- Born: 1914 Lunenburg, Nova Scotia, Canada
- Died: 30 June 2011 (aged 96–97) Halifax, Nova Scotia, Canada
- Occupations: Historian; writer; professor;
- Awards: Fellow of the Royal Society of Canada (1976); Order of Canada (1995); Queen Elizabeth II Golden Jubilee Medal (2002);

= James Murray Beck =

Canadian historian (1914–2011)

James Murray Beck (1914 – 30 June 2011) was a Canadian historian from Nova Scotia. Born in Lunenburg, Beck taught for 17 years at Dalhousie University where he became professor emeritus. He was elected as a Fellow of the Royal Society of Canada in 1976, and was appointed to the Order of Canada in 1995. Beck extensively covered the Nova Scotia politician Joseph Howe in his research, publishing a complete account of his life across two volumes in 1984. He died in Halifax at the age of 96.

==Biography==
Beck was born in 1914 in Lunenburg, Nova Scotia to parents Allan Clyde and Florence Beck. He served with the Royal Canadian Air Force as a radar mechanic and officer during the Second World War. He attended Acadia University and the University of Toronto, where he earned his Doctor of Philosophy (PhD). After earning his PhD, Beck went on to teach at Acadia and the Royal Military College of Canada, and taught for 17 years at Dalhousie University where he became professor emeritus.

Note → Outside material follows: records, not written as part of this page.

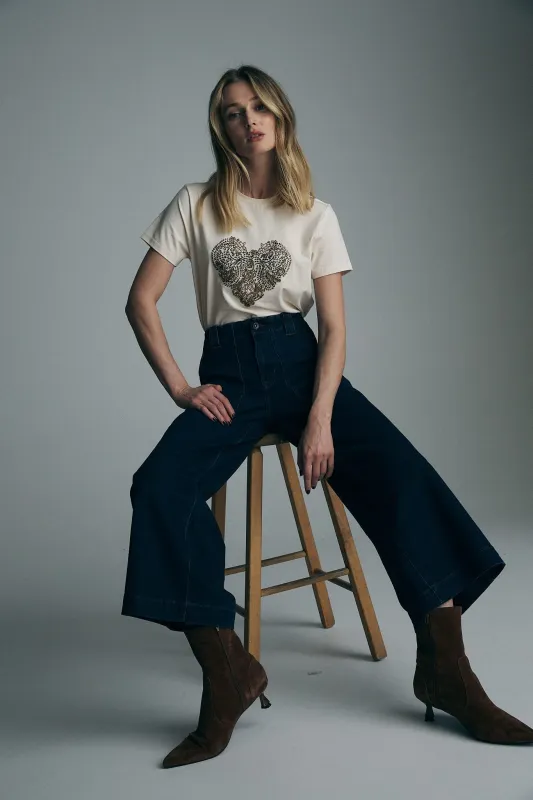 Wide leg jeans with zips sold by Tristan Style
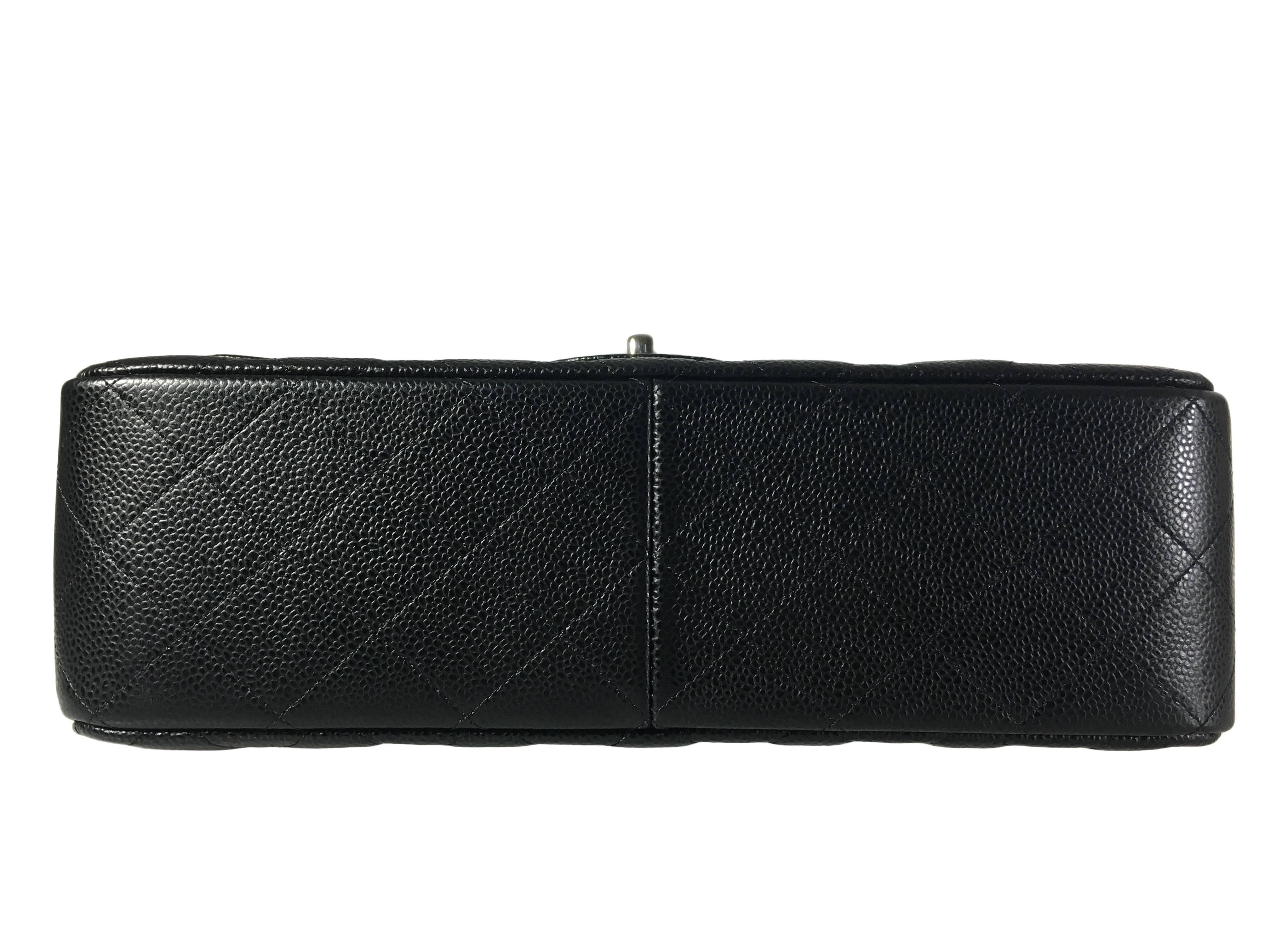 Chanel Black Caviar Leather Classic Jumbo Double Flap Bag 3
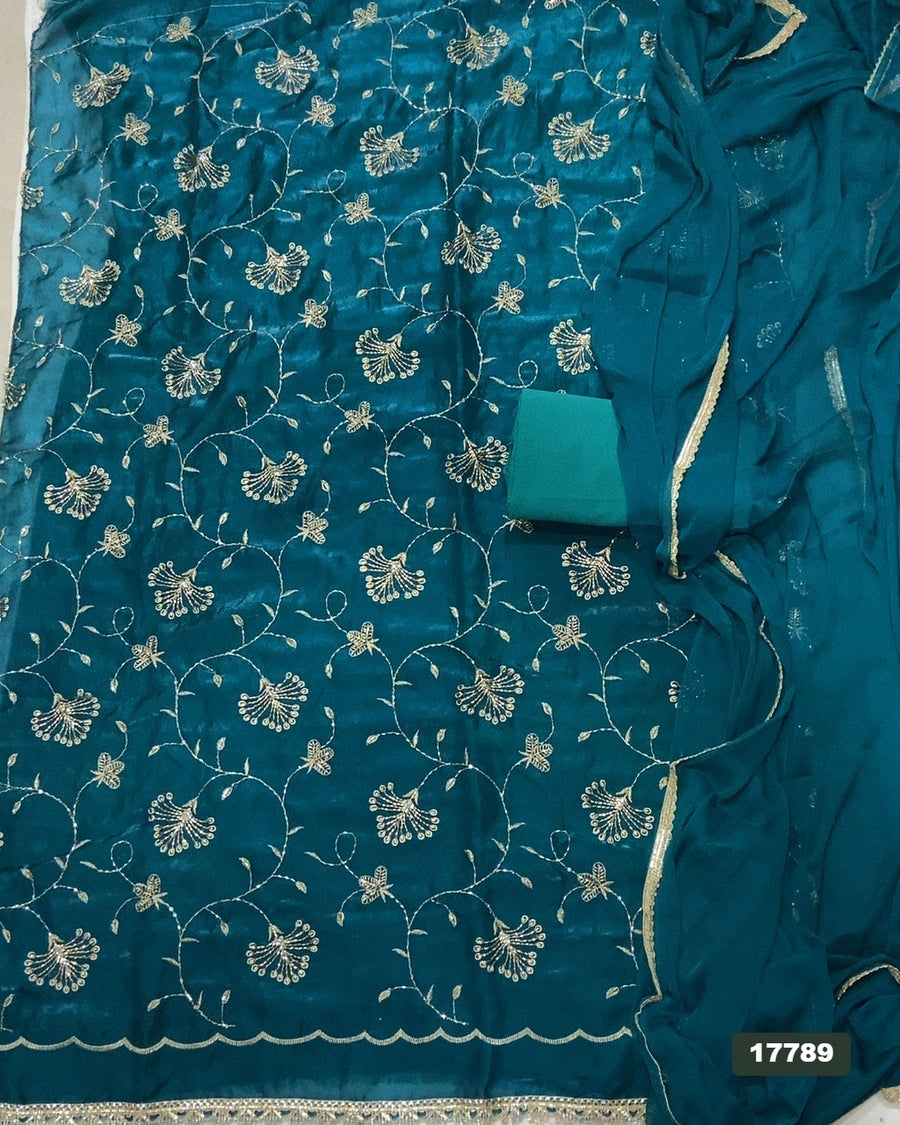 Silk Embroidery Suit Set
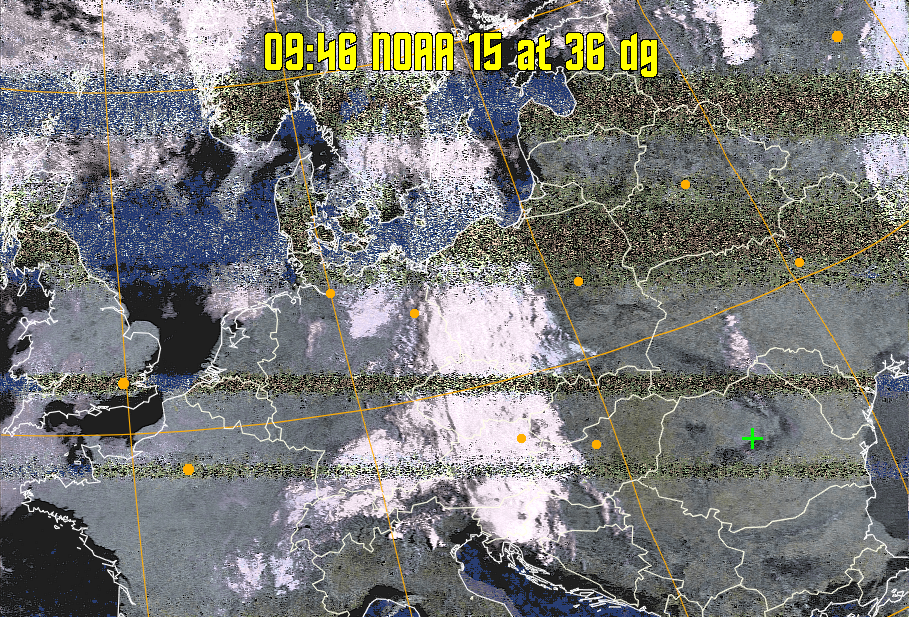 HVCT:
Similar to HVC, but with blue water and with colours more indicative of
land temperatures.
HVC:
Creates a false colour image from NOAA APT images based on temperature using
the HVC colour model. Uses the temperature derived from the sensor 4 image to
select the hue and the brightness from the histogram equalised other image to
select the value and chroma. The HVC colour model attempts to ensure that different colours at the same value will appear to the eye to be the same brightness
and the spacing between colours representing each degree will appear to the eye to
be similar. Bright areas are completely unsaturated in this model.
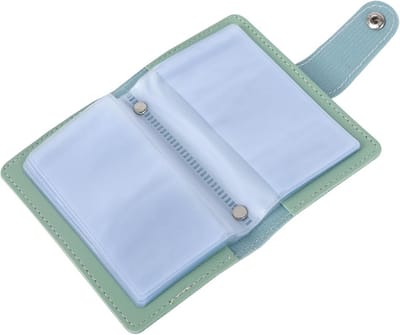 Kaarthouder Dames en Heren met 24 Vakken – Zacht Leer Creditcardhouder en ID-organizer, Groen 11x7,5 cm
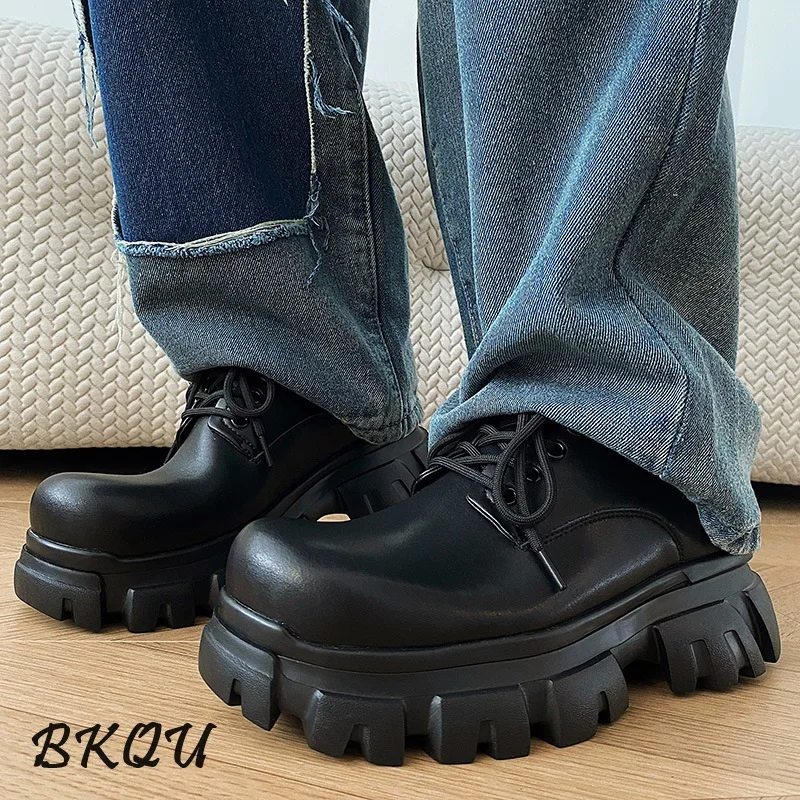 

BKQU Men 2024 New Thick-soled Increase British Trend Korean Version of Platform Shoes with Casual Men's Low-top Derby Shoes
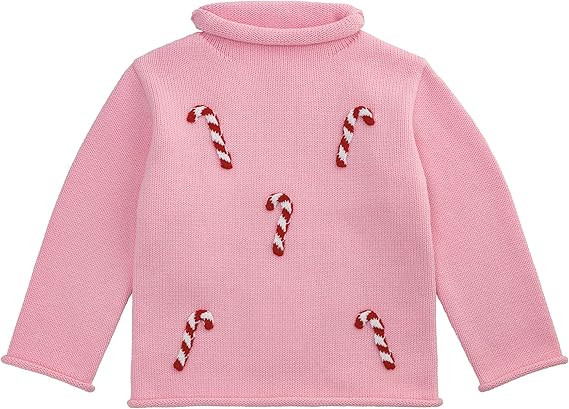 Mud Pie Girls Kids Christmas Candycane Rollneck Sweater | Amazon (US)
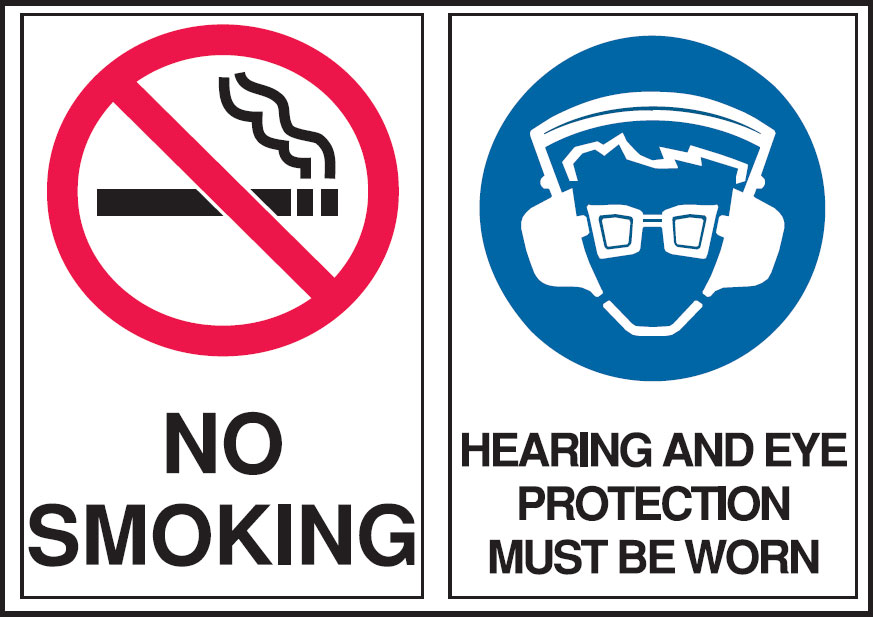 Multiple Warning Signs  - No Smoking/Eye Protection Must Be Worn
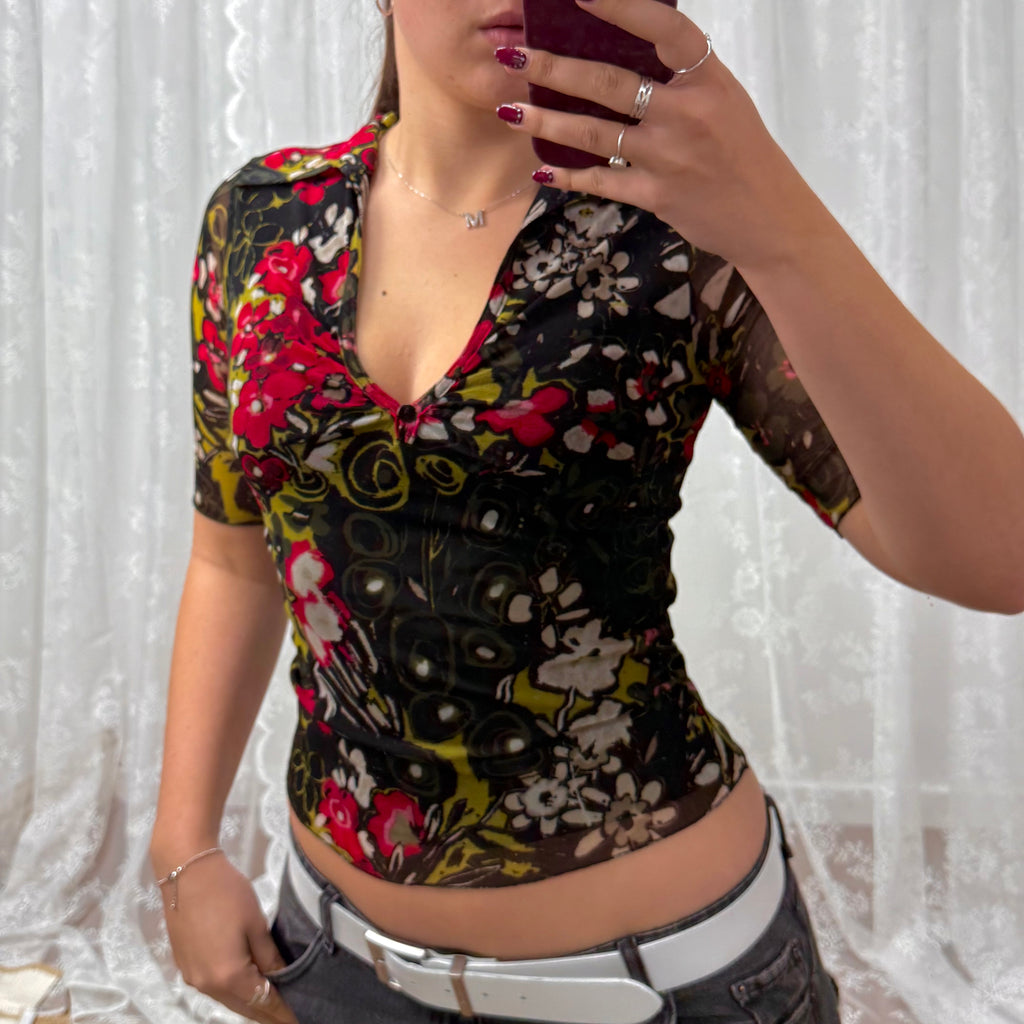 Black floral mesh collared top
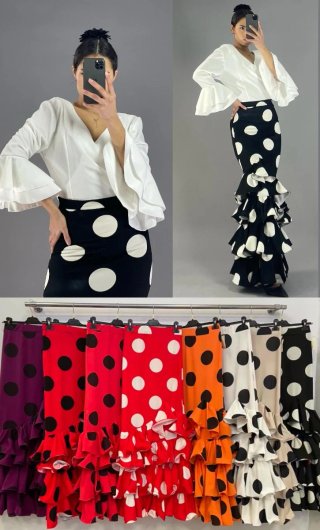 Falda flamenca lunares buganvilla nueva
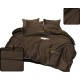 3dílný komplet ložního povlečení s výšivkou, čokoládová barva, 200x220 cm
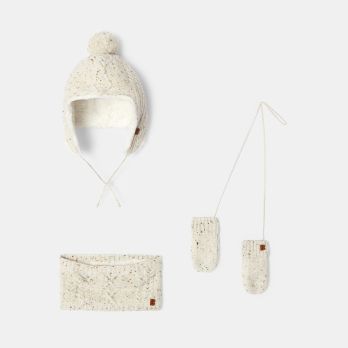 Baby boy's white knitted Peruvian-style hat, snood and mittens with lining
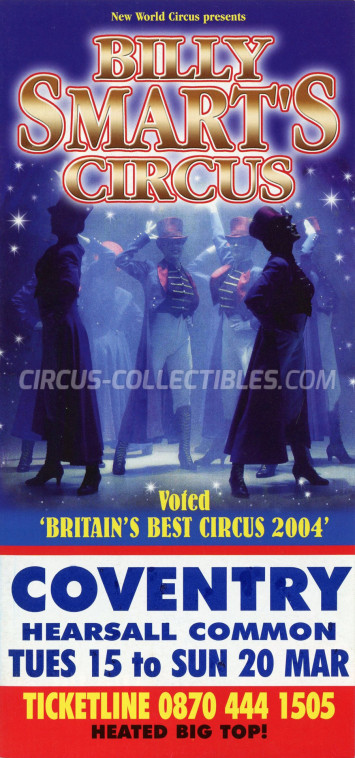Billy Smart's Circus Circus Ticket/Flyer - England 2005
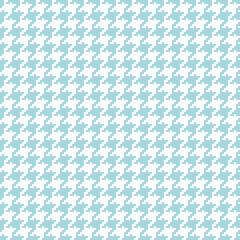 Retro Seamless Pixel Houndstooth Pattern Turquoise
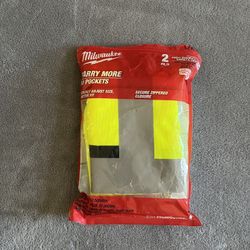 NEW Milwaukee Class 2 High Visibility Yellow Safety Vest  With 10 Pockets  L/XL 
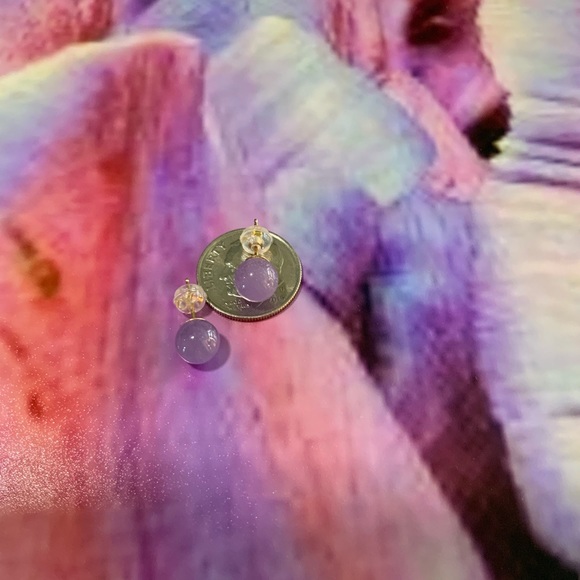 Amethyst Ball Stud Earrings - Picture 4 of 9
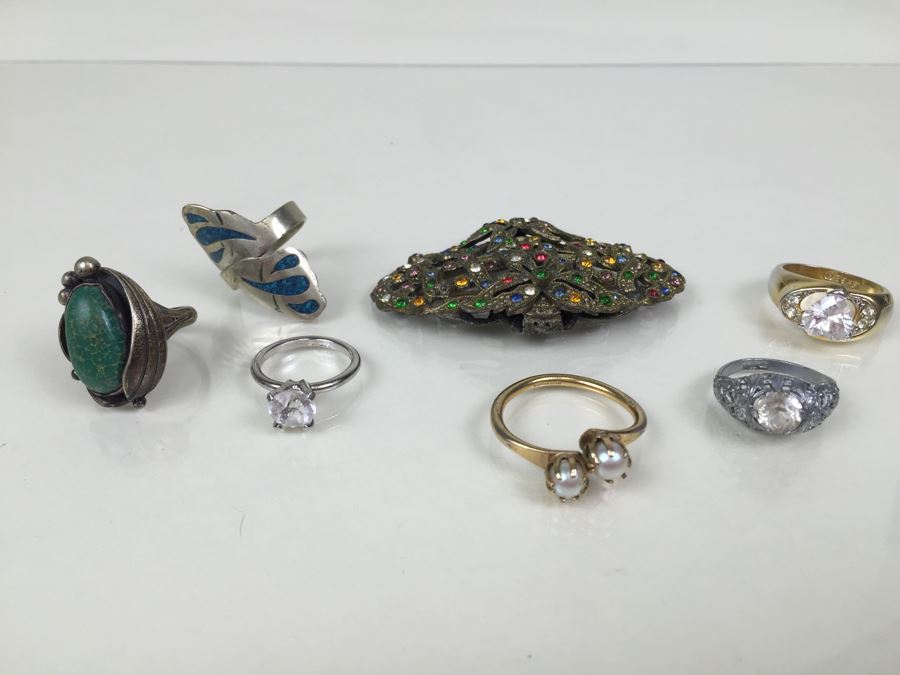 Jewelry Lot With Old Turquoise Ring (Mostly Costume Rings) [Photo 1]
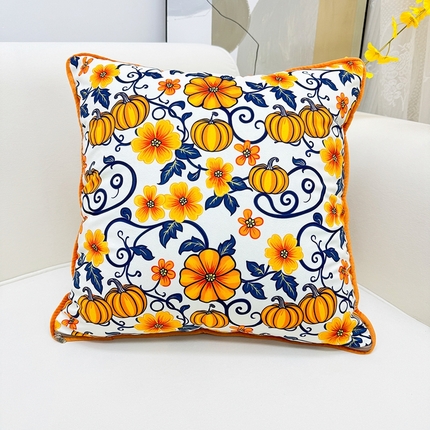 爱家居 2025新款抱枕沙发新中式靠垫轻奢高级感靠枕床头大靠背正方形抱枕套卡通花卉 优雅小南瓜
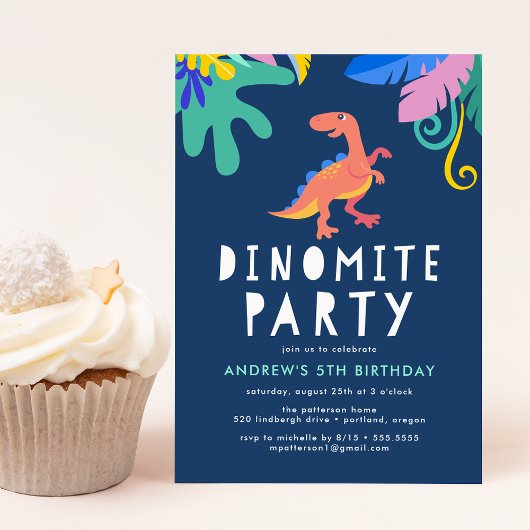 Dinomite Dinosaur Verjaardagsfeestje Kaart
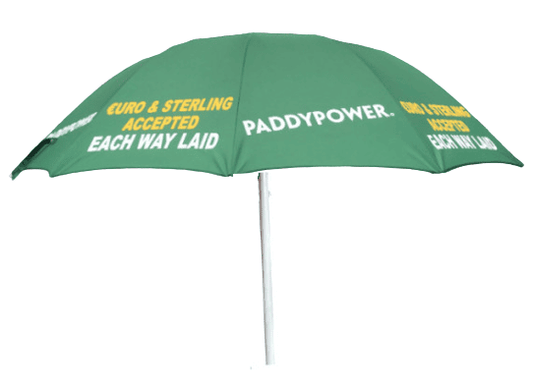 Bookmakers Green Umbrella with Paddy Power branding on a white background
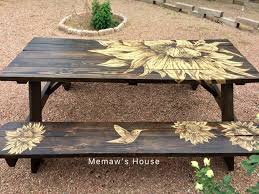 How To Stain A Lowe S Picnic Table Makeover Memaw S Way Diy Picnic Table Makeover Table Makeover Painted Picnic Tables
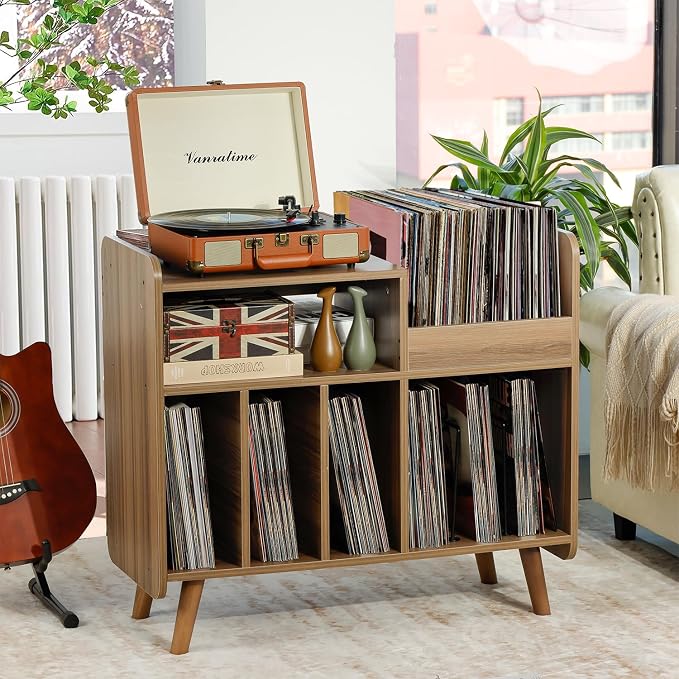 Record Player Stand, Large Record Player Table Cabinet - Image 3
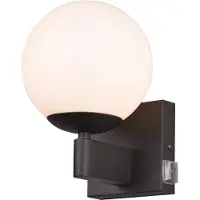 TRIO Applique murale Kula Luminaire noir avec verre blanc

In the 1960s, Beck authored a report on the viability of the Maritime Union, a proposed political union of the three Maritime provinces of Canada. The report was commissioned as part of a study group led by John James Deutsch. From 1967 to 1969, Beck served as a constitutional advisor to the Nova Scotia provincial government under Premier George Isaac Smith.

In 1976, Beck was elected as a Fellow of the Royal Society of Canada. He received the Confederation of Canada Medal in 1992, was appointed to the Order of Canada in 1995, and received the Queen Elizabeth II Golden Jubilee Medal in 2002. He was elected as a fellow of the Royal Nova Scotia Historical Society in 2004.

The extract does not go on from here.